Weniger wichtig sind für mich Empfehlungen, gleich ob Wein, Tageskarte oder Nachspeise betreffend. Das ist sicherlich von Belang in Restaurants mit Gourmetanspruch und häufig wechselnden Karten, nicht aber beim "Italiener um die Ecke". In seinen Stammrestaurants weiß man eh, was man gerne ist. Ob von der korrekten Seite "eingesetzt" oder "ausgehoben" wird, mag für Ausbilder in der Gastronomie von großer Bedeutung sein, spielt beim Stammgriechen auch nicht die große Rolle.
Meine Kritiken sollen einen guten Eindruck vermitteln, was einen erwartet, wenn man das kritisierte und dem Leser der Kritik vielleicht unbekannte Restaurant aufsucht. Dazu gehört für mich selbstverständlich zu beschreiben, was gegessen wurde und eine Bewertung der Speisen und der Getränke. Preise zu nennen finde ich auch wichtig, damit beurteilt werden kann, ob der Gast fair behandelt wird oder ob der Wirt den Gast übervorteilt, wenn für Tellergerichte mit kleinem "Wareneinsatz" oder Weine aus dem Großmarkt ordentlich ins Portemonnaie des Gastes gegriffen wird.
Ich kritisiere von der Grundeinstellung her streng. Vier Sterne vergebe ich für eine sehr gute Leistung. Fünf Sterne behalte ich mir für extraordinäre Erlebnisse vor.

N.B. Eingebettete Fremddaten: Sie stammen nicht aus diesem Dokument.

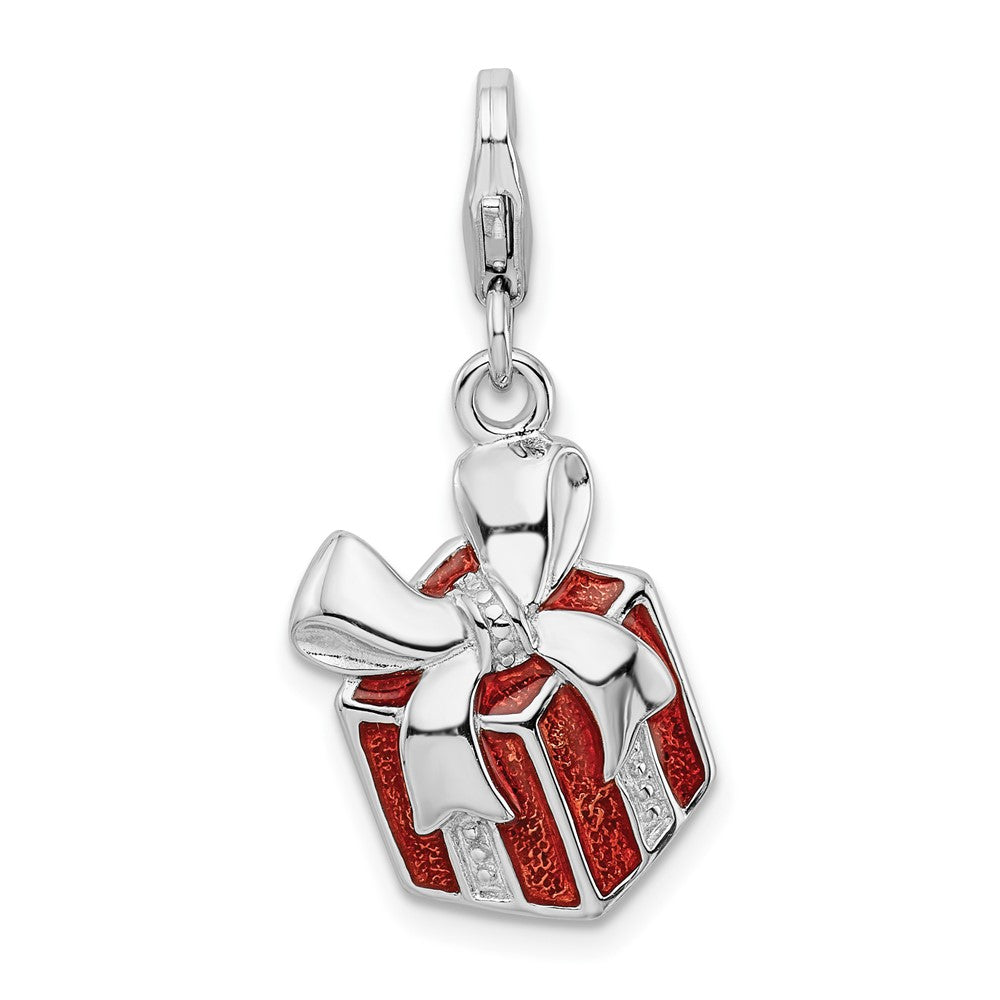 Amore La Vita Sterling Silver Rhodium-plated Polished Red Enameled Present Charm with Fancy Lobster Clasp, 36 x 15 mm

Drei Sterne können sehr wohl einen Besuch lohnen, was ich meist auch sage.
Ich freue mich, wenn meine Kritiken den Mitgliedern der Community Anregungen für gutes Essen in vom Hanseat1957 getesteten und für gut befundenen Restaurants geben. Sehr willkommen sind auch Reaktionen der Wirte, die allerdings sehr selten erfolgen.
Als regelmäßiger Essengeher auch in anderen Städten als meiner Heimatstadt Bremen habe ich vor einigen Jahren Restaurant-Kritik.de als verlässliches Portal schätzen gelernt, das mich auch animiert hatte, selber Kritiken zu schreiben. Nach dem Aus von RK bin ich - wie viele andere ambitionierter Kritiker aus RK-Zeiten - zu GG gewechselt.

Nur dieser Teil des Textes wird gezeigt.